Sunday, February 26, 2017

Walking My Dog

The other day, Friday, was balmy and breezy.  We've had unseasonably warm weather in North Georgia and I for one am tired of it and would like some snow.  But my husband was replacing the cover on our boat (which is more like an anchor because it's out of commission). The old cover had become torn due to weather and age. 

It turned out to be a bigger deal than we had expected, because a cat had taken up residence in the boat.  For how long, I don't know, but it was in the hull and not interested in coming out.  Because the old cover was torn, the cat probably had crawled up in there in a storm. 

I have to stop here and say (and I deal with this in another post today) that we have recently become a haven for cats.  I have counted at least eight in my yard when I drive in at times.  Black, tabby, and mostly greyish ones.  They are not feral; they belong to someone who feeds them (most of the time) but they love our yard, which makes no sense because we have a dog. Of course, she is tied up and only able to reach so far, and they know to stay out of her area.  The cats like to walk on my car, hide up in the wheel wells of my husband's old (covered and inoperable Chevelles), and hunt for rodents in the small area of woods between our subdivision and the next. 

I do not like cats.  Plural.  I am ok with one, will hold it, let it around me.  But multiple, and the idea of cats, no.

So, to flush this cat out we let the dog into the boat.  She confirmed our suspicion that there really was a cat hiding in it, but she and the cat got into a stare down and the cat wasn't budging.  We put some milk out for it;  then we upped the anty and put out some tuna.  We were about to give up (although Nala the dog was not; she was very upset about the cat being in there and we had to remove her) when a little head poked out, enticed I am sure by the tuna.  She let me pick her up--no scratching--and we freed her from our boat.

All that to say that I guess my dog has a purpose.  Maybe.  But she is a commitment.

As I've written before, she is a 50-some pound pit or pitmix.  She is all muscle.  She needs to be walked every day and if I don't, I pay the price the next day in her over interest in every possible smell and animal, her rambunctiousness, and her insistence on going directions I don't care to follow.  We have a nonverbal discussion.

"Let's go this way."
"Let's go this way."
Let's go this way."

On the third time she gets a yank or even a strong nudge with my foot in the backside; not a kick but it gets her attention.   She can hold up my weight, by the way, when she's on point, and I am not a small woman. 

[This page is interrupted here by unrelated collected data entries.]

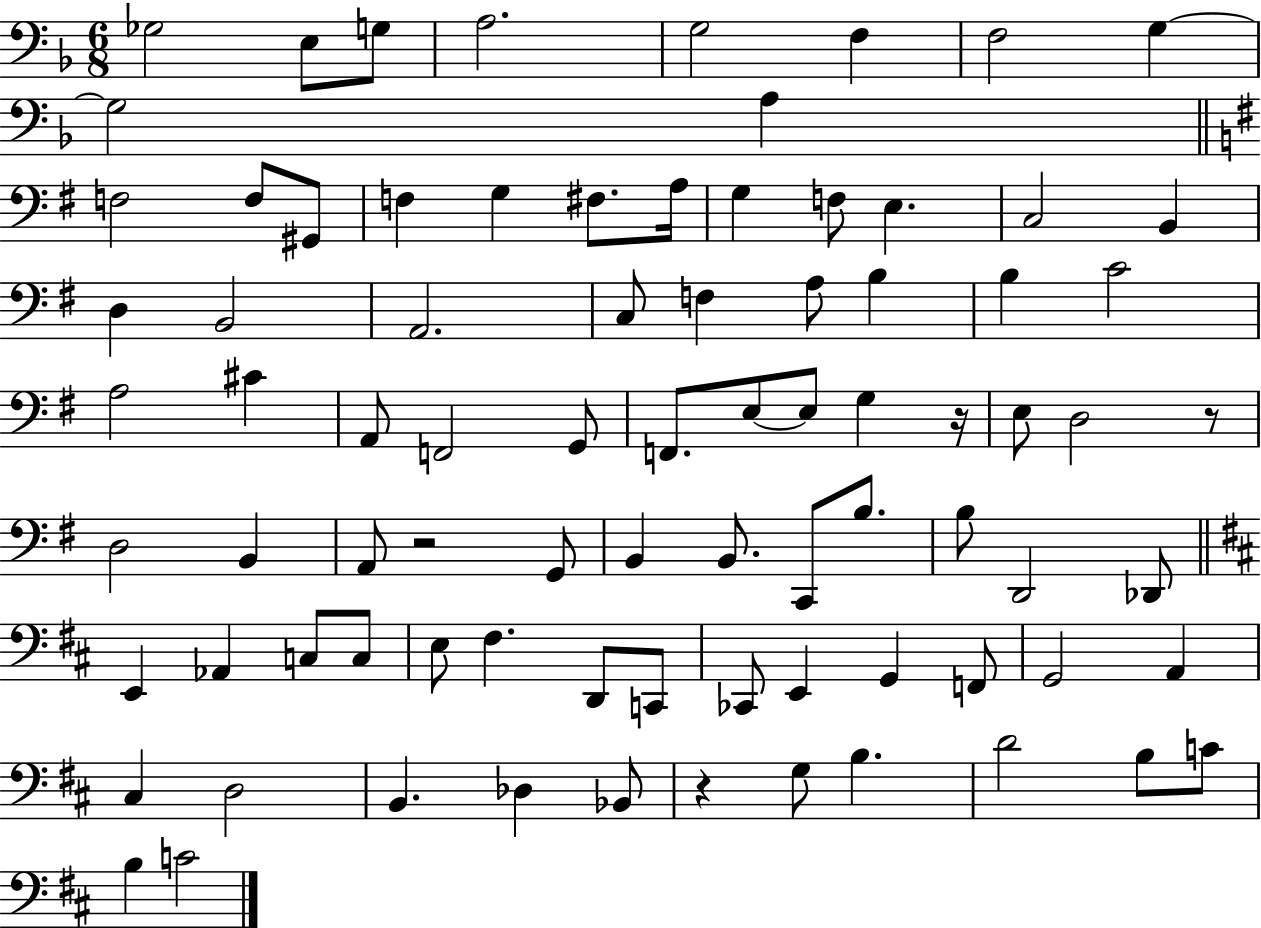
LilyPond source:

{
  \clef bass
  \numericTimeSignature
  \time 6/8
  \key f \major
  \repeat volta 2 { ges2 e8 g8 | a2. | g2 f4 | f2 g4~~ | \break g2 a4 | \bar "||" \break \key g \major f2 f8 gis,8 | f4 g4 fis8. a16 | g4 f8 e4. | c2 b,4 | \break d4 b,2 | a,2. | c8 f4 a8 b4 | b4 c'2 | \break a2 cis'4 | a,8 f,2 g,8 | f,8. e8~~ e8 g4 r16 | e8 d2 r8 | \break d2 b,4 | a,8 r2 g,8 | b,4 b,8. c,8 b8. | b8 d,2 des,8 | \break \bar "||" \break \key d \major e,4 aes,4 c8 c8 | e8 fis4. d,8 c,8 | ces,8 e,4 g,4 f,8 | g,2 a,4 | \break cis4 d2 | b,4. des4 bes,8 | r4 g8 b4. | d'2 b8 c'8 | \break b4 c'2 | } \bar "|."
}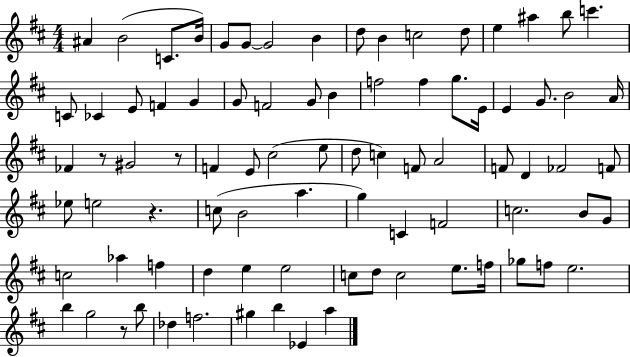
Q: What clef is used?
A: treble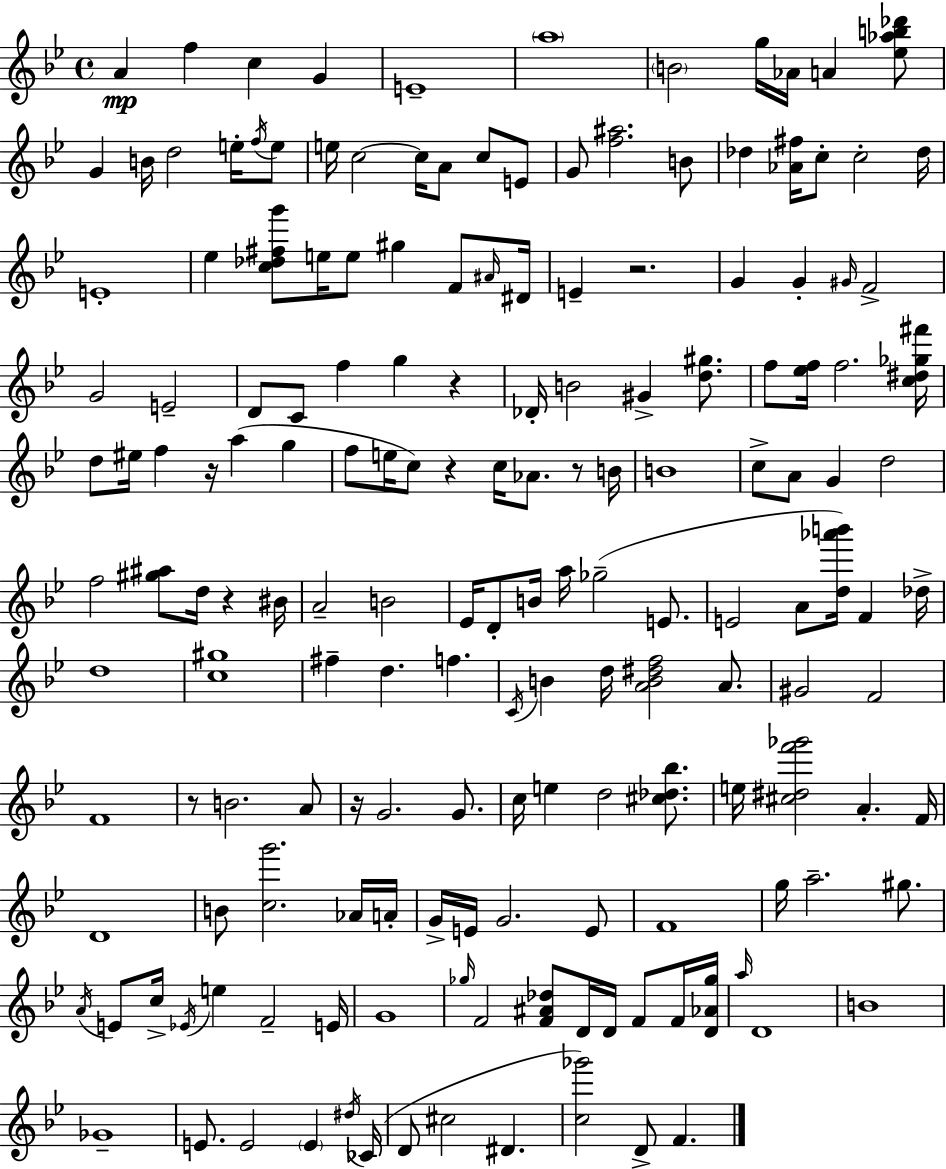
A4/q F5/q C5/q G4/q E4/w A5/w B4/h G5/s Ab4/s A4/q [Eb5,Ab5,B5,Db6]/e G4/q B4/s D5/h E5/s F5/s E5/e E5/s C5/h C5/s A4/e C5/e E4/e G4/e [F5,A#5]/h. B4/e Db5/q [Ab4,F#5]/s C5/e C5/h Db5/s E4/w Eb5/q [C5,Db5,F#5,G6]/e E5/s E5/e G#5/q F4/e A#4/s D#4/s E4/q R/h. G4/q G4/q G#4/s F4/h G4/h E4/h D4/e C4/e F5/q G5/q R/q Db4/s B4/h G#4/q [D5,G#5]/e. F5/e [Eb5,F5]/s F5/h. [C5,D#5,Gb5,F#6]/s D5/e EIS5/s F5/q R/s A5/q G5/q F5/e E5/s C5/e R/q C5/s Ab4/e. R/e B4/s B4/w C5/e A4/e G4/q D5/h F5/h [G#5,A#5]/e D5/s R/q BIS4/s A4/h B4/h Eb4/s D4/e B4/s A5/s Gb5/h E4/e. E4/h A4/e [D5,Ab6,B6]/s F4/q Db5/s D5/w [C5,G#5]/w F#5/q D5/q. F5/q. C4/s B4/q D5/s [A4,B4,D#5,F5]/h A4/e. G#4/h F4/h F4/w R/e B4/h. A4/e R/s G4/h. G4/e. C5/s E5/q D5/h [C#5,Db5,Bb5]/e. E5/s [C#5,D#5,F6,Gb6]/h A4/q. F4/s D4/w B4/e [C5,G6]/h. Ab4/s A4/s G4/s E4/s G4/h. E4/e F4/w G5/s A5/h. G#5/e. A4/s E4/e C5/s Eb4/s E5/q F4/h E4/s G4/w Gb5/s F4/h [F4,A#4,Db5]/e D4/s D4/s F4/e F4/s [D4,Ab4,Gb5]/s A5/s D4/w B4/w Gb4/w E4/e. E4/h E4/q D#5/s CES4/s D4/e C#5/h D#4/q. [C5,Gb6]/h D4/e F4/q.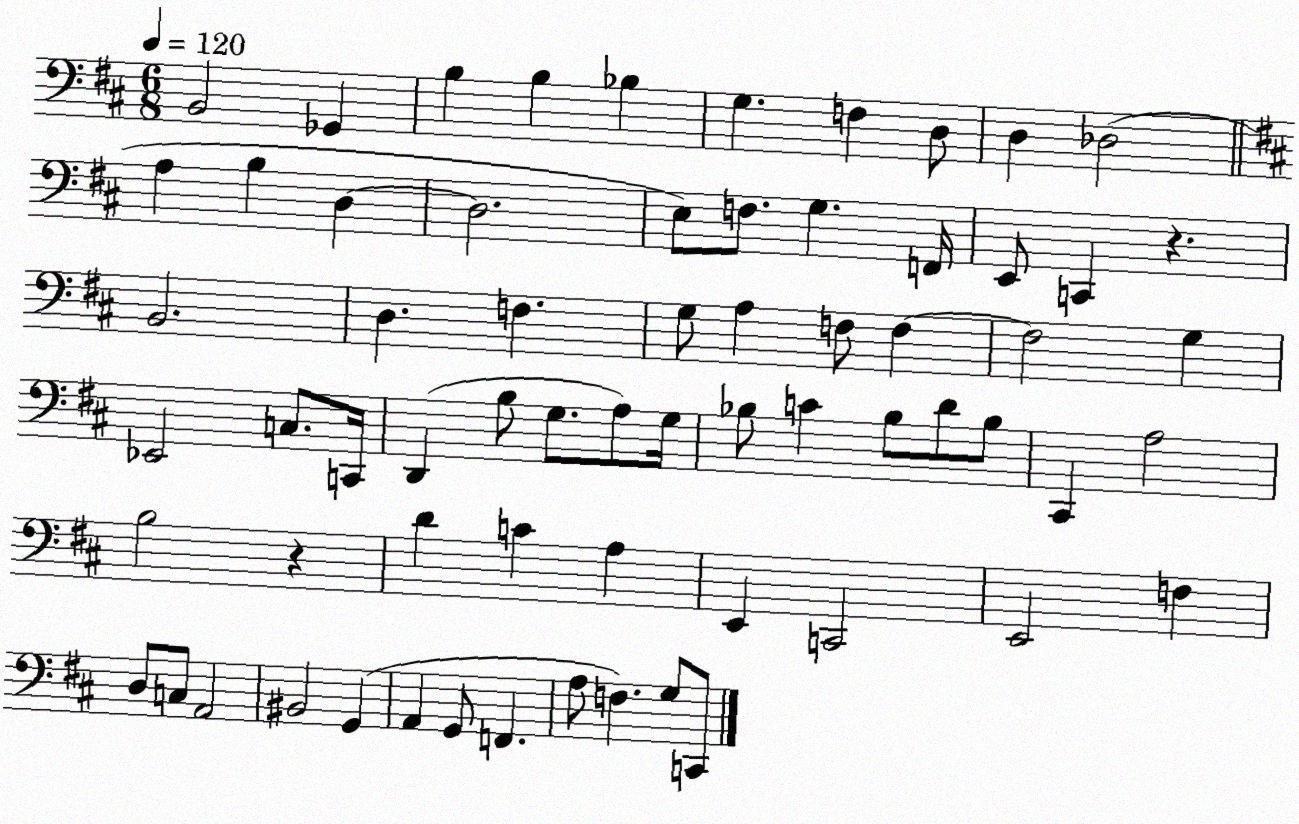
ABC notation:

X:1
T:Untitled
M:6/8
L:1/4
K:D
B,,2 _G,, B, B, _B, G, F, D,/2 D, _D,2 A, B, D, D,2 E,/2 F,/2 G, F,,/4 E,,/2 C,, z B,,2 D, F, G,/2 A, F,/2 F, F,2 G, _E,,2 C,/2 C,,/4 D,, B,/2 G,/2 A,/2 G,/4 _B,/2 C _B,/2 D/2 _B,/2 ^C,, A,2 B,2 z D C A, E,, C,,2 E,,2 F, D,/2 C,/2 A,,2 ^B,,2 G,, A,, G,,/2 F,, A,/2 F, G,/2 C,,/2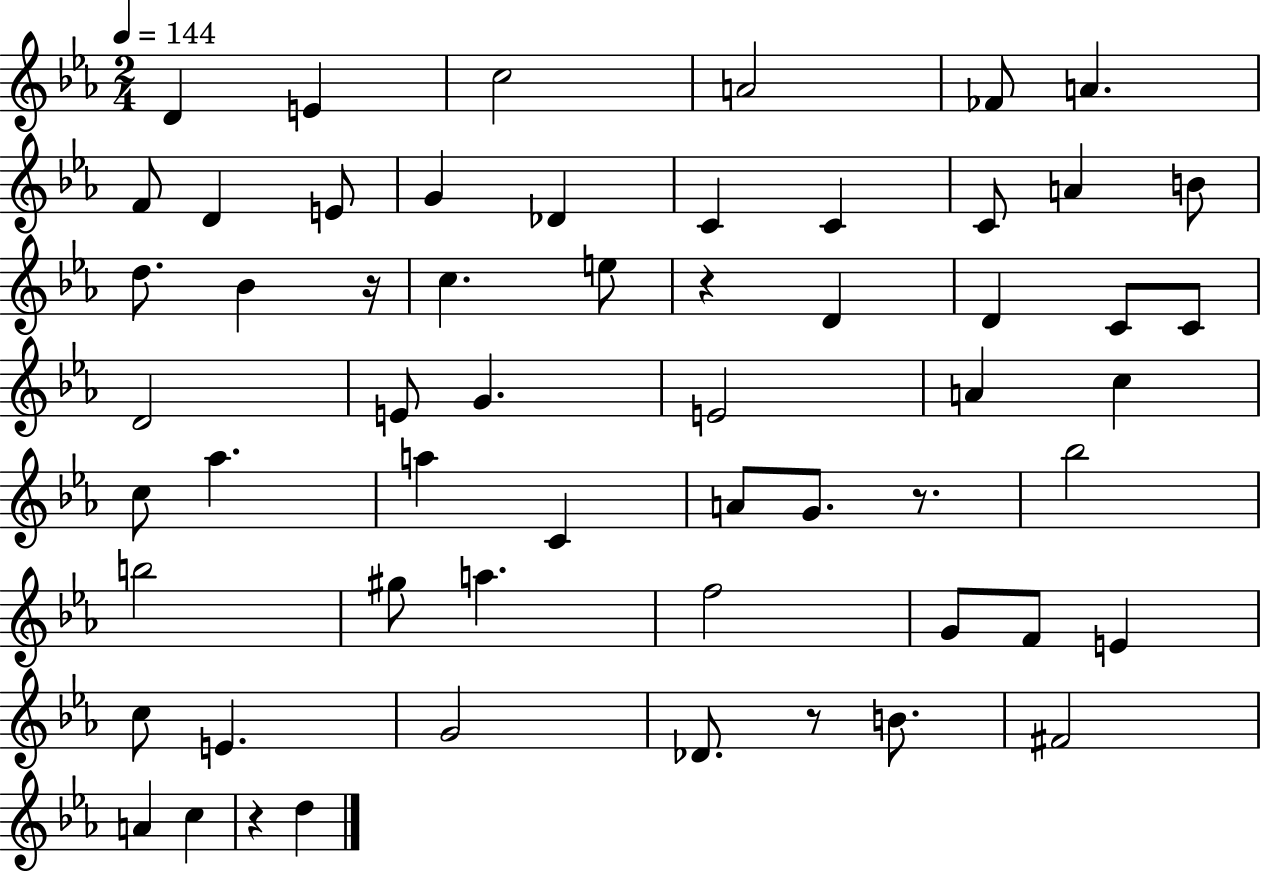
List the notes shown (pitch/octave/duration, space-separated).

D4/q E4/q C5/h A4/h FES4/e A4/q. F4/e D4/q E4/e G4/q Db4/q C4/q C4/q C4/e A4/q B4/e D5/e. Bb4/q R/s C5/q. E5/e R/q D4/q D4/q C4/e C4/e D4/h E4/e G4/q. E4/h A4/q C5/q C5/e Ab5/q. A5/q C4/q A4/e G4/e. R/e. Bb5/h B5/h G#5/e A5/q. F5/h G4/e F4/e E4/q C5/e E4/q. G4/h Db4/e. R/e B4/e. F#4/h A4/q C5/q R/q D5/q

Having a dog like this means you have to walk her or let her run, and I don't trust her enough to run (neither do I expect my neighbors or others to tolerate a dog like her running maniacally through their yards and into the streets).  Whereas I used to, pre-dog, be able to walk at the mall or on a treadmill, the commitment of a dog to me means primarily a 40-minute walk in sometimes unwelcoming weather almost every day of my life.  There is also the "We can't leave her for long periods of time" and "what are we going to do with Nala on this trip" and the "clean up her poop in the yard and wherever else" (I call her Princess Poopsalot) and the expense and because she is so strong the occasional bruises (I have photos to prove it).  But the walking is the daily reminder of the anchor that is a dog.

Cats don't need walking, and they can hide in boats for indeterminate times without food.  Hummmm.

I have to make a larger point here; it is my nature.  The necessity to walk her is not a burden because I have been walking 40 or so minutes a day for decades.  A doctor told me to when I was in my 20s and it was the best health advice ever.  I should have diabetes and don't.  I don't have bad knees like so many people my age.  It allows me to write novels in my head, listen to podcasts, pray, work out difficult conversations, and get over anger (of which I have more than enough). 

When I read the New Testament I see a Jesus who walked, and to be honest, this is one of the reasons I love him.  How many miles did Jesus walk in his ministry?  He did not sit under trees for people to come to him.  He did not wage wars. He walked to where people were to heal and feed and meet human need and talk about God's love. Yes, and other things, I'm not whitewashing Jesus, but he was walking and asks us to walk; life is a walk.